Molybdenum (Mo), one of the fission products abundant in high-level radioactive waste, has low solubility in alumino-borosilicate glasses. When the concentration of MoO3 increases in glass, crystalline phases such as alkali and alkaline-earth molybdates (Na2MoO4, CaMoO4) are generated in the glass during the cooling process. The control of crystallization is important for producing durable nuclear waste glass. In this study, the incorporation of various alkali cations (Li, Na, K, Cs) into alumino-borosilicate glasses was closely investigated for their effect on the crystallization of molybdenum. Several analyses, including XRD, SEM, XAS, XPS, Raman spectroscopy, and solid-state MAS NMR spectroscopy, were used to evaluate the local environment of Mo and the glass structure. The results indicated that the addition of larger alkali cations reduced phase separation and hindered the formation of molybdenum crystalline phases. As the size of the added alkali cations increases, phase separation between the network-forming elements in the glass is suppressed, resulting in a more polymerized and homogeneous glass structure.

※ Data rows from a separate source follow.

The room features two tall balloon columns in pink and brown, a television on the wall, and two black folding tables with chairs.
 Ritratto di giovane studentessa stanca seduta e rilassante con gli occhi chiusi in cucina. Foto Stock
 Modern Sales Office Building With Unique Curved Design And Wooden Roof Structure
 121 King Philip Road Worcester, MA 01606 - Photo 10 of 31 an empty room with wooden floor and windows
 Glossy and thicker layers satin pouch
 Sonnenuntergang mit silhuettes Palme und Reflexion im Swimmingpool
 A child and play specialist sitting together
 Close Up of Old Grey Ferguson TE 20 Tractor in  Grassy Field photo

These structural modifications can inhibit the formation of MoO42- units, causing chemical distortion to the MoO66form, or generate Mo-reducing species. Structural changes in the Mo unit can form direct bonds to the silicate network based on the bond valence model (Mo-O-Si). This study suggests the possibility of structural modification of glasses containing MoO3 to improve the solubility.